▶ _WHAT IS NEEDED_: Since the records include pictures, leave those out while you reproduce exactly and only the lines from the one containing "Woman in a gray" through the one containing "Waverly Island Light", inclusive.

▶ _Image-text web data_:
---

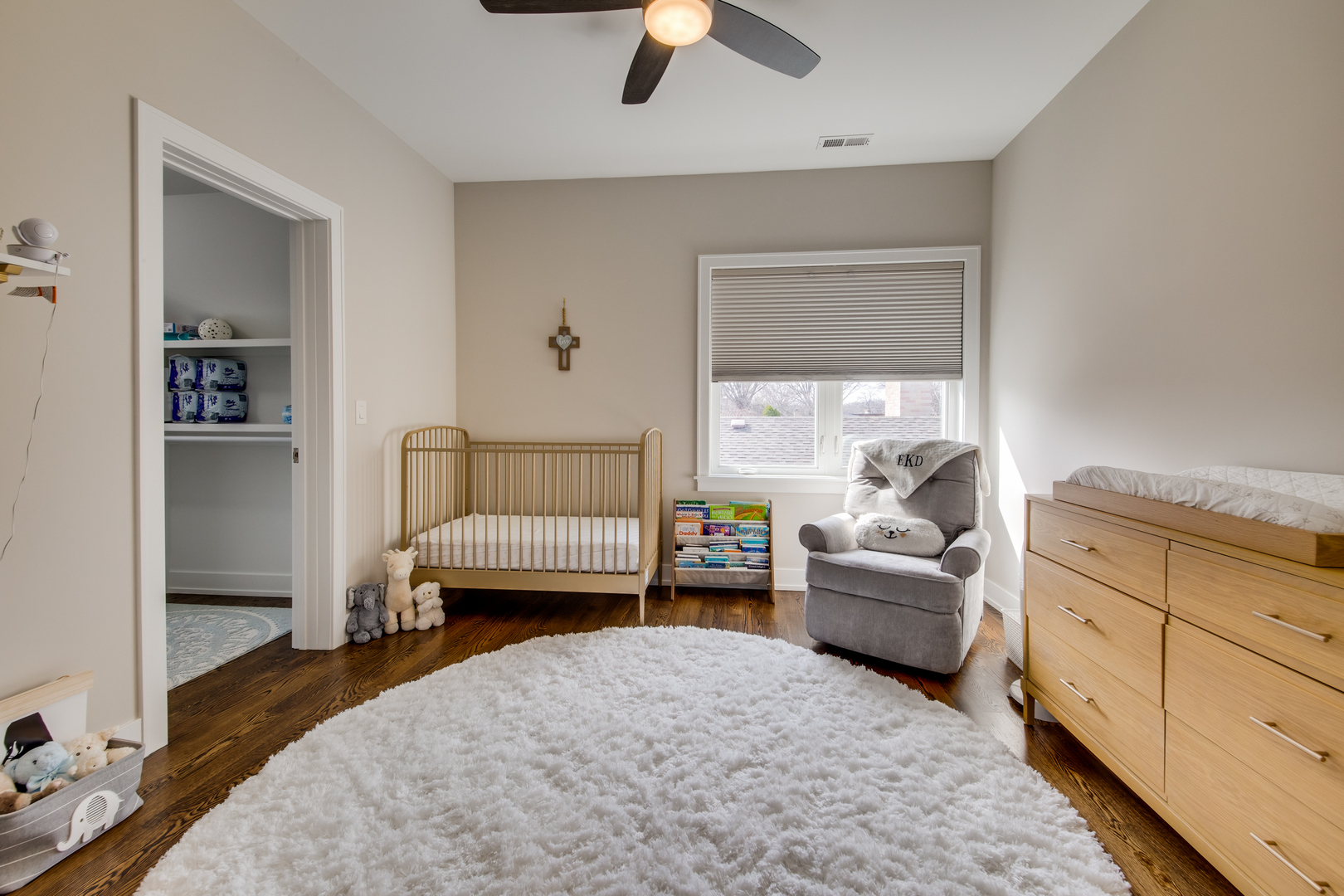 2320 Edna Avenue Park Ridge, IL 60068 - Photo 25 of 41 a bedroom with a bed and a chandelier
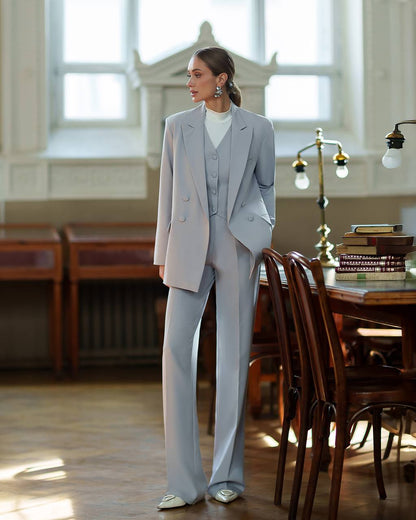 Woman in a gray suit standing in a room with wooden furniture and large windows.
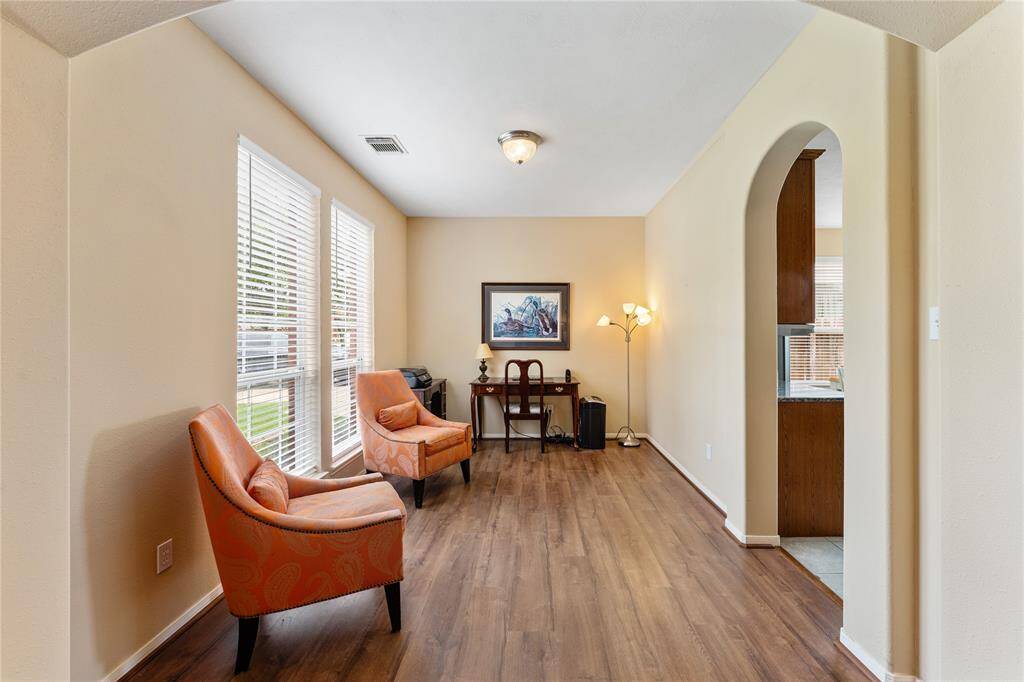 Welcoming entryway with a tiled floor, leading to an open-plan living area. Wooden front door with glass inlay door, the space is bright and airy, with warm neutral tones.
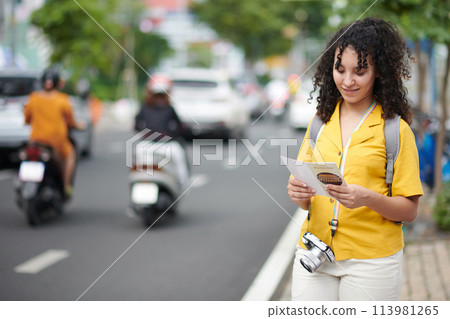 Woman reading information in brochure 113981265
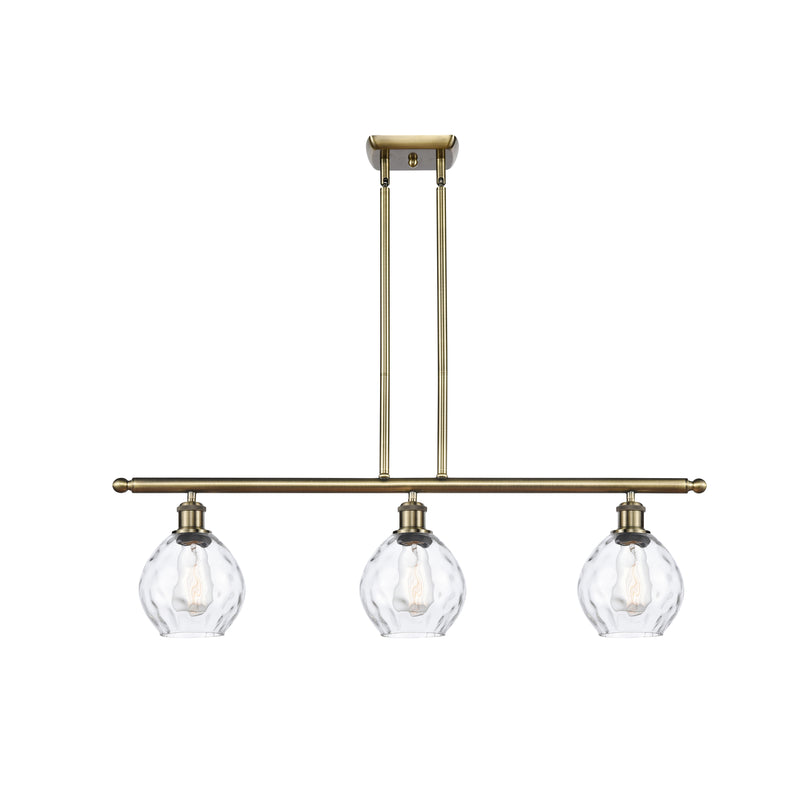 Waverly Island Light shown in the Antique Brass finish with a Clear shade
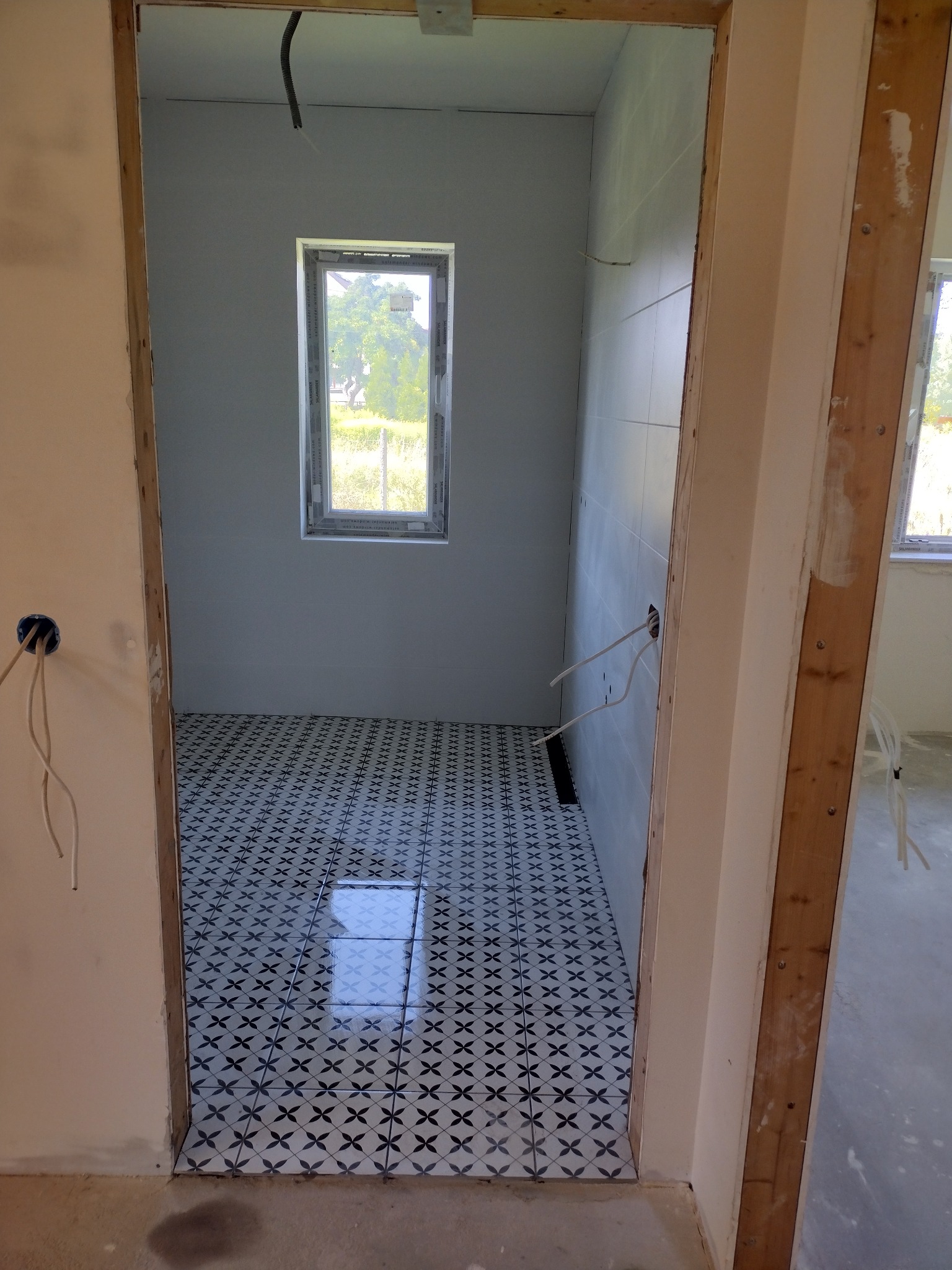 Wykończona podłoga w łazience z wzorzystymi płytkami w Bogunice. Widok zza futryny, świeżo położone płytki z odbiciem światła.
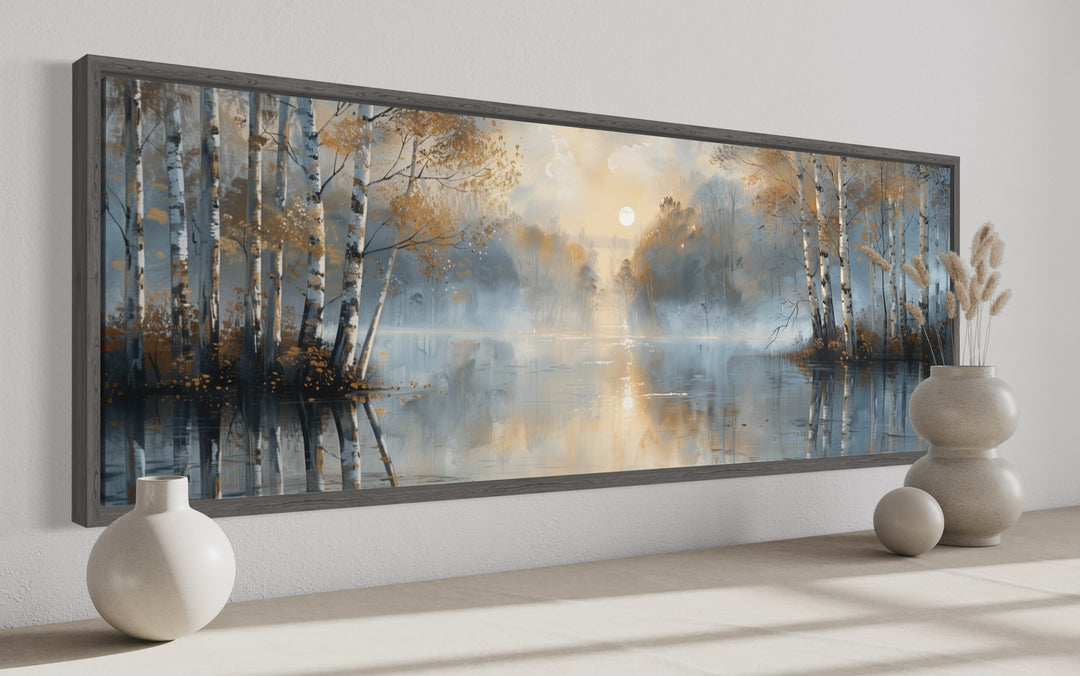 Panoramic wall art of a misty silver birch forest over a lake in a dark wood frame.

---

▶ _SOLVED PROBLEM_:
 Woman in a gray suit standing in a room with wooden furniture and large windows.
 Welcoming entryway with a tiled floor, leading to an open-plan living area. Wooden front door with glass inlay door, the space is bright and airy, with warm neutral tones.
 Woman reading information in brochure 113981265
 Waverly Island Light shown in the Antique Brass finish with a Clear shade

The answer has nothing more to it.